Brent's latest software project contained a story for adding a word-cloud to a PDF report that was already being generated on a production server using Java. Instead of being handled by Brent's in-house team, the requirement was assigned—against Brent's wishes—to overseas developers whom the company had recently contracted to "add more horsepower" to things.

Being fairly technical, the product manager found an example word-cloud library, linked to it in the ticket, and commented, "The output should look something like this."

A month passed. Then, Brent reported into work one morning to find a new ticket in JIRA listed as blocking the word-cloud ticket. Its title was Having trouble launching Internet Explorer from Selenium on Linux servers (works fine locally on my Windows development machine).

Brent's confusion left him paralyzed for a few moments. Then he realized, this was probably just a testing ticket that'd somehow gotten linked to the story by accident. To make sure, he called up Bobby, his counterpart from the contracting firm, who'd been the one to file the ticket.

"It's not a mistake," Bobby explained. "The story really is blocked."

"OK, so, you're really trying to launch Internet Explorer on the production app server?" Brent asked. "You realize IE's not installed on that server, right? What do you need it for?"

"It's integral to the implementation I came up with," Bobby replied.

Brent was afraid to ask. "How?"

"I couldn't find a native Java word-cloud library, so this is what I have to do to fulfill the specifications," Bobby said. "First, I take the PDF report data and serialize it to JSON. Then, I import Selenium into the production codebase. Then, I generate an HTML page and a Selenium script. Once Selenium is started, the script launches Internet Explorer and opens the HTML page. Once the HTML page loads, Selenium captures a screenshot of it. With Java, the screenshot is opened, cropped, and then embedded into the PDF report."

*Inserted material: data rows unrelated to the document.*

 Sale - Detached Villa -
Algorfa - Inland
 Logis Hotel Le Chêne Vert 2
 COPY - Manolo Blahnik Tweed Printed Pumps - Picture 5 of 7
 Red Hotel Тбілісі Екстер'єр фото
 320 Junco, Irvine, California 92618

Brent was stunned speechless.

"I got this to work on my local machine, but then I tried to test on a server and hit the error," Bobby continued.

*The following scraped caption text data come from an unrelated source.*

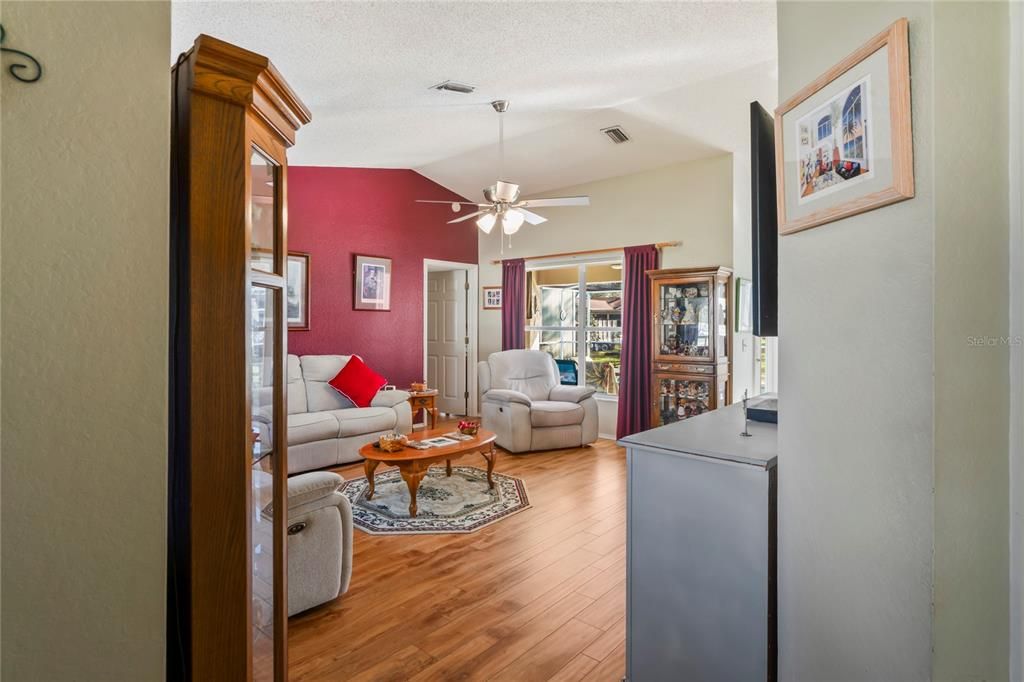 Active With Contract: $309,000 (3 beds, 2 baths, 1261 Square Feet)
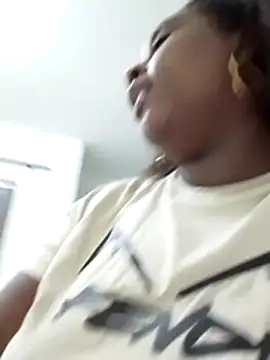 NaomiGrace  online show from 12.05.25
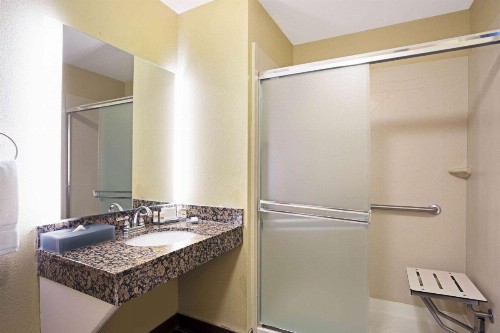 La Quinta Inn & Suites by Wyndham Lexington South / Hamburg - image 11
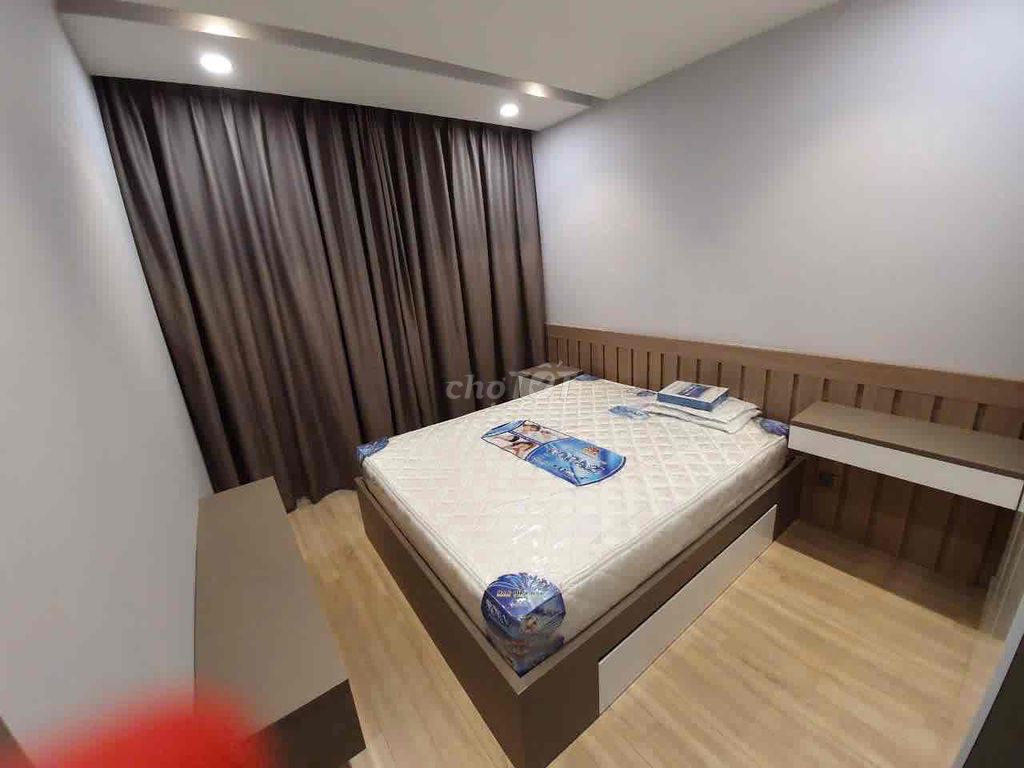 A Feliz En Vista bedroom full of furniture costs only 18 million a month.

That's what you were doing all month? Brent marveled. "Uh, OK ... listen, the implementation you just described is unacceptable. I don't see why we can't keep it within Java. We're coming up on our deadline."

Brent's eyes strayed toward the calendar tacked to his cubicle wall, showing him how few empty squares he had left to deal with this. He took a deep breath, composed himself, then donned his project manager hat to do the managerly thing.

"Leave this alone for now, all right? I'm going to speak with some of my developers and let you know what we decide to do from here."

"OK," Bobby replied.

Once off the call, Brent opened up Outlook and fired off a meeting request for the earliest possible time. A short while later, he looked upon his assembled developers within a dimly lit conference room, half of whom were more interested in their laptops than in the minor crisis Brent related to them.

"What can we do about this on short notice?" he begged. "Is there a native Java library that can generate word-clouds?"

No amount of Internet-hunting turned up anything useful. Brent tugged at his collar. He'd been hoping Bobby had been wrong about that, and that a solution would only require a download and a few lines of code.

"All right. How hard would it be to code our own implementation?" Brent asked.

Cheryl, who'd been typing furiously all meeting, finally let up on the keyboard and shoved away from the table. "Here, I just finished."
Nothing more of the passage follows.